TEXTO PARA AS PRÓXIMAS 2 QUESTÕES.
(Unicamp 2008) UM CHAMADO JOÃO
João era fabulista?
fabuloso?
fábula?
Sertão místico disparando
no exílio da linguagem comum?
Projetava na gravatinha
a quinta face das coisas
inenarrável narrada?
Um estranho chamado João
para disfarçar, para farçar
o que não ousamos compreender?
(...)
Mágico sem apetrechos,
civilmente mágico, apelador
de precípites prodígios acudindo
a chamado geral?
(...)
Ficamos sem saber o que era João
e se João existiu
deve pegar.
(Carlos
Drummond de Andrade, em "Correio da Manhã", 22/11/1967, publicado em
Rosa, J. G. "Sagarana". Rio de Janeiro: Nova Fronteira, 2001.)
1.
a) No título,
"chamado" sintetiza dois sentidos com que a palavra aparece no poema.
Explique esses dois sentidos, indicando como estão presentes nas passagens em
que "chamado" se encontra.
b) Na primeira estrofe do
poema, "fábula" é derivada em "fabulista" e
"fabuloso". Mostre de que modo a formação morfológica e a função
sintática das três palavras contribuem para a formação da imagem de Guimarães
Rosa.
2. Na segunda estrofe, há dois
processos muito interessantes de associação de palavras. Em
"inenarrável/narrada" encontramos claramente um processo de
derivação. Em "disfarçar/farçar", temos a sugestão de um processo
semelhante, embora "farçar" não conste dos dicionários modernos.
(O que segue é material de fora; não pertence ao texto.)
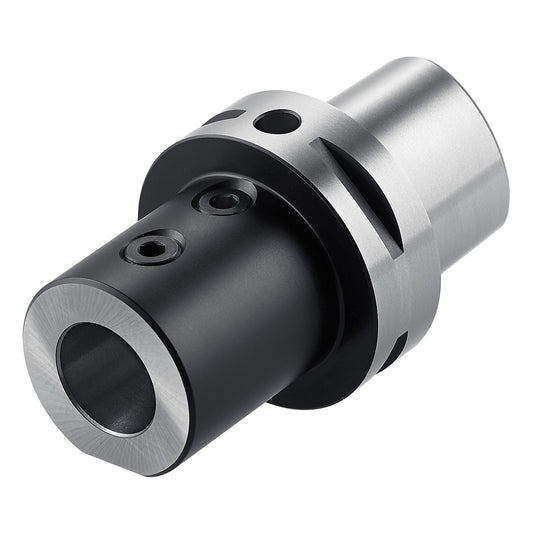 Boring holder for drills with indexable inserts |  PSK 63 - 40 - 85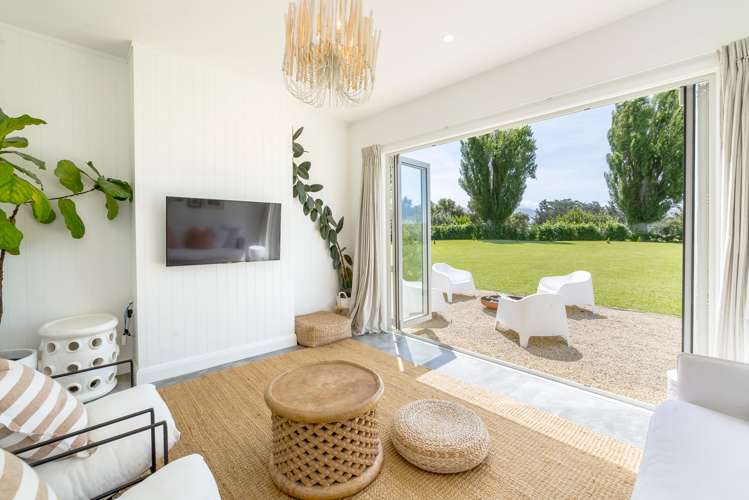 194 Wood Street Woodside_23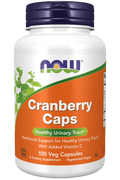 Cranberry 700mg
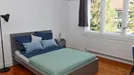 Room for rent, Berlin Neukölln, Berlin, &lt;span class=&quot;blurred street&quot; onclick=&quot;ProcessAdRequest(8833100)&quot;&gt;&lt;span class=&quot;hint&quot;&gt;See streetname&lt;/span&gt;[xxxxxxxxxxxxx]&lt;/span&gt;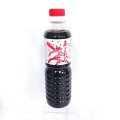  味彩海道 あごの露５００ｍｌ ３倍濃縮　めんつゆ  そば うどん そうめん　揚げ出し豆腐に 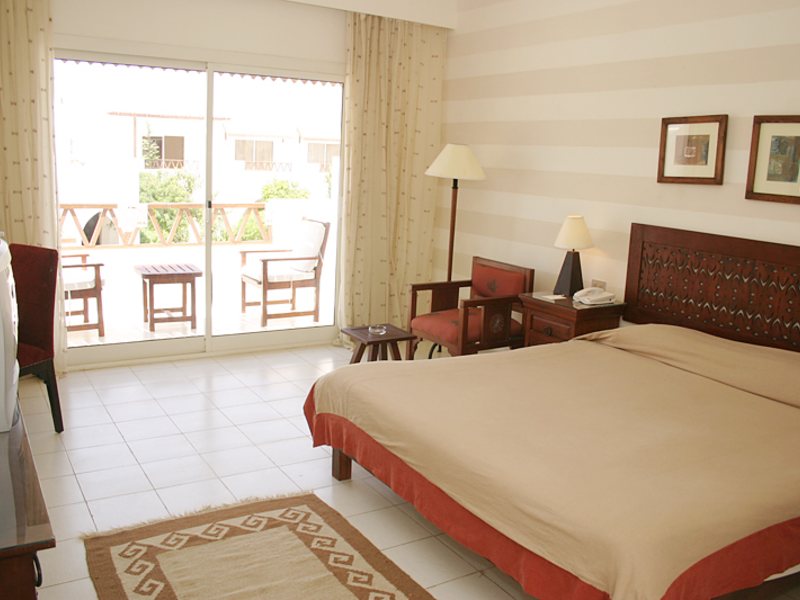 Marmara Hotel & Resort  26757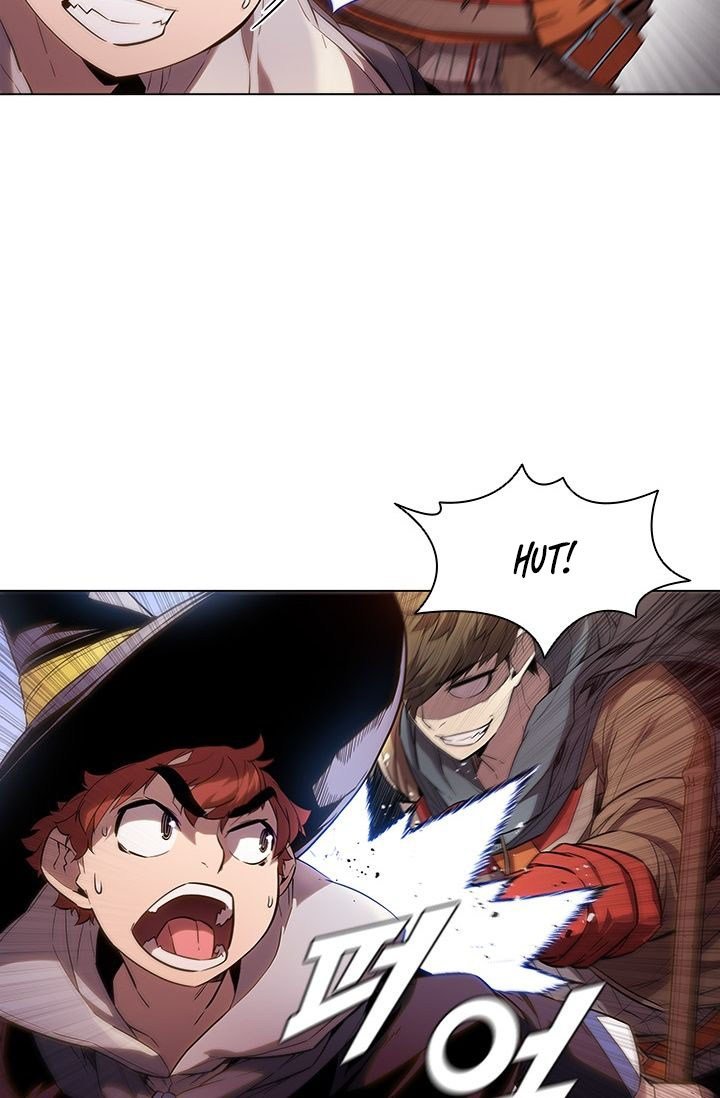 Taming Master Chap 32 - Next Chap 33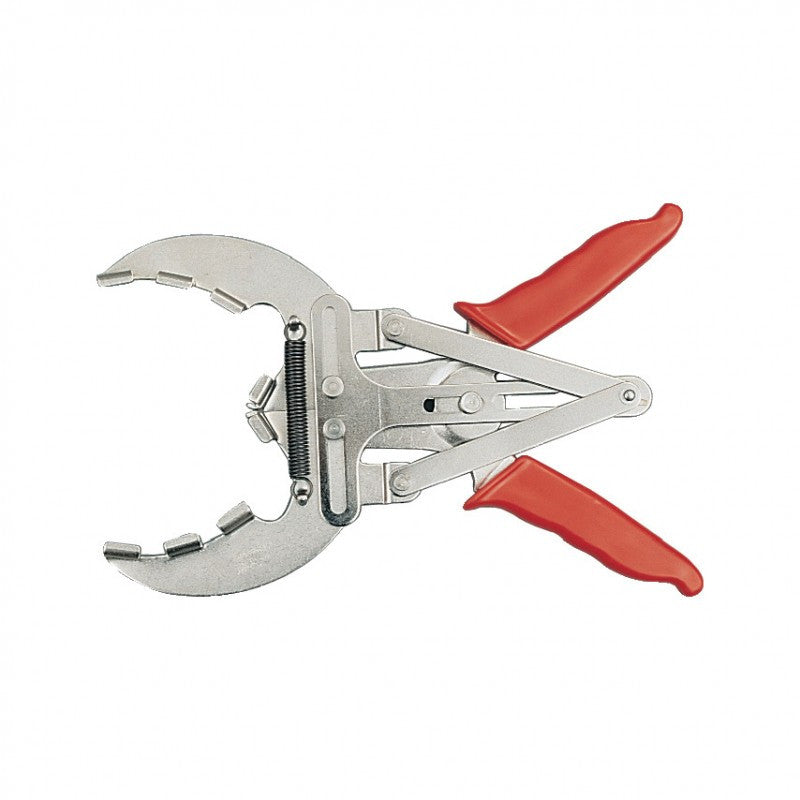 Cleste pentru inelul de piston 50-100mm KEN-503-2090K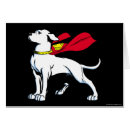 Suche nach superdog Mann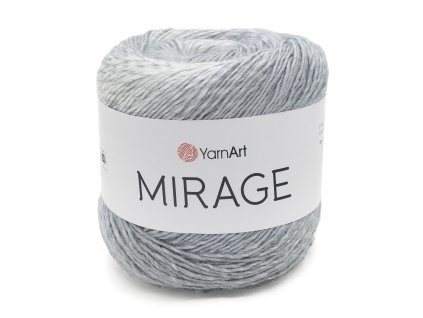 YARNTART MIRAGE 5302 WEB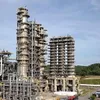 Spain’s Repsol wants to invest in Dung Quất Refinery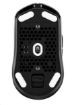 Obrázek HyperX Pulsefire Haste 2 Pro, myš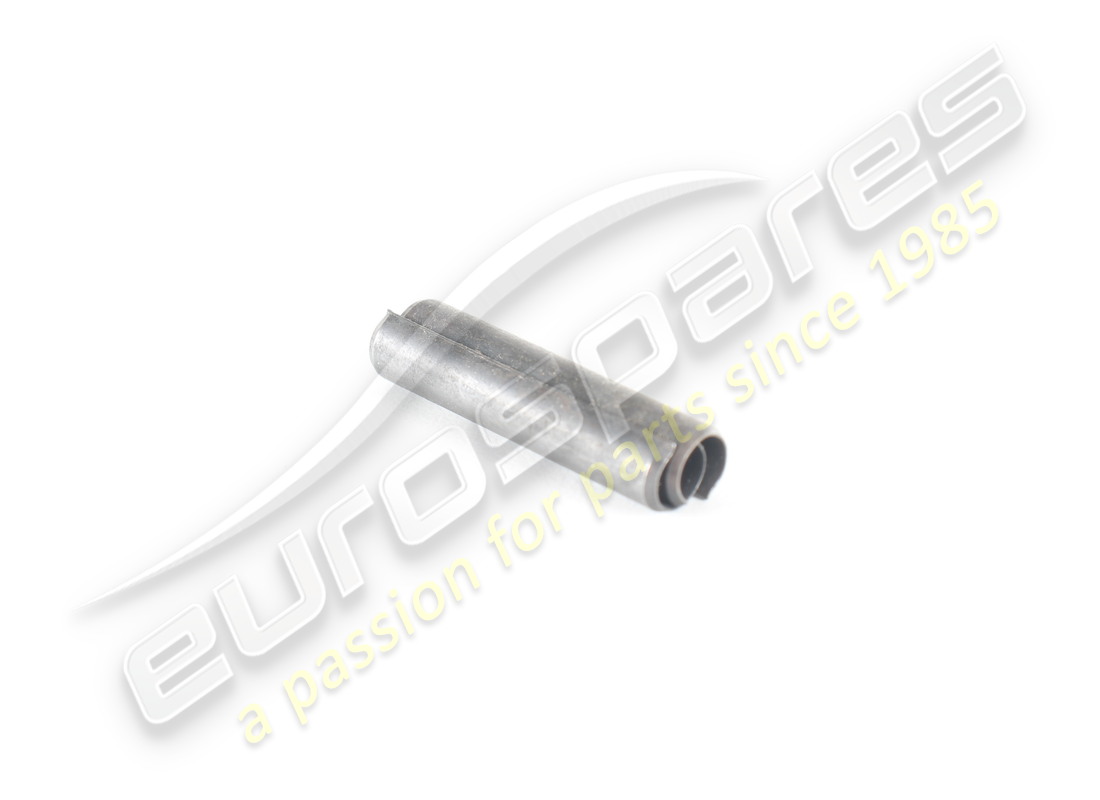 NEW FERRARI FLEXIBLE PIN. PART NUMBER 14604170 (1) new ferrari flexible pin. part number 14604170 (1)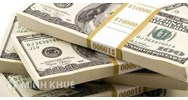 Thẩm định, phê duyệt và cấp bảo lãnh chính phủ cho khoản vay trong nước và nước ngoài của doanh nghiệp
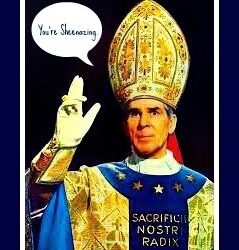 It’s the (Other) Most Wonderful Time of the Year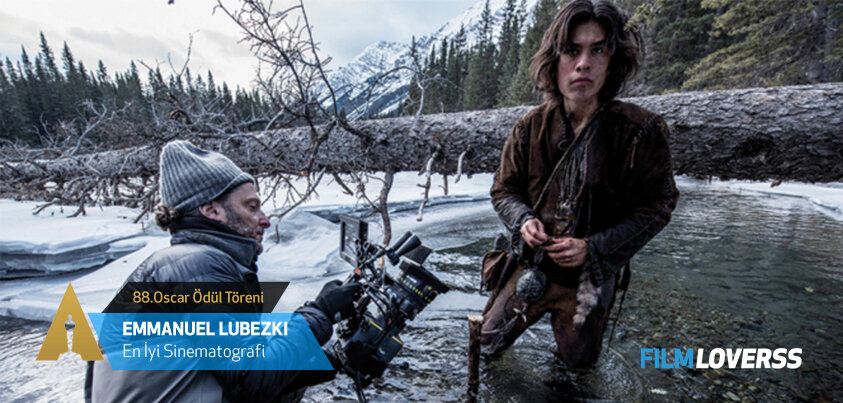 oscar-en-iyi-sinematografi-emmanuel-lubezki-filmloverss
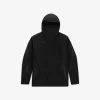 Nike X Travis Scott Jacket - Black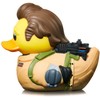 Numskull – Ghostbusters Tubbz MINI Peteris Venkmanas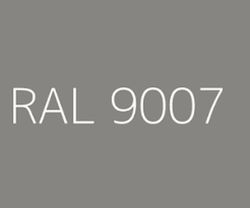 Pintura Acrilicrilica En Spray De 400ml -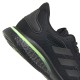 adidas Performance Supernova M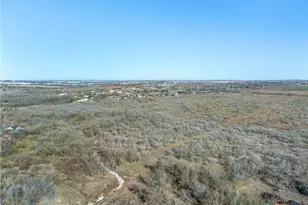 5225 FM2001, Buda, TX 78610 - Photo 14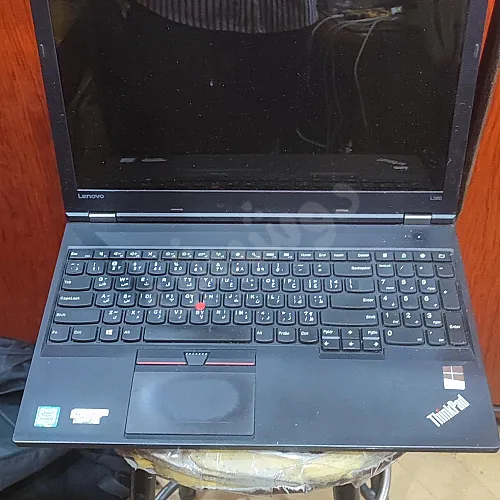 Ad Image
a) Relacione o significado de
"inenarrável" com o processo de sua formação; e o de
"farçar", na relação sugerida no poema, com "disfarçar".
b) Explique como esses
processos contribuem na construção dos sentidos dessa estrofe.
Respostas:
1. a) Em "Um estranho chamado João", a palavra
"chamado" é um adjetivo cujo sentido é o mesmo das expressões
"que se chama", "que se denomina", "que se
nomeia", "que pode ser chamado de". No último verso da terceira
estrofe ([acudindo] "a chamado geral"), "chamado" é um
substantivo que representa o ato de chamar a atenção, de pedir ajuda, fazer uma
convocação. Então, o título do poema - "Um chamado João" - explora o
duplo sentido que a palavra "chamado" tem no poema.
b) Os termos "fabulista" e "fabuloso"
podem ser considerados derivações sufixais de "fábula". O sufixo
"-ista" designa aquele que pratica uma atividade
("fabulista" é quem produz fábulas), enquanto o sufixo
"-oso" forma substantivos a partir de adjetivos, produzindo um efeito
de sentido de intensificação ("fabuloso" é o que ultrapassa a
imaginação e, por extensão de sentido, que é admirável, incrível, fantástico).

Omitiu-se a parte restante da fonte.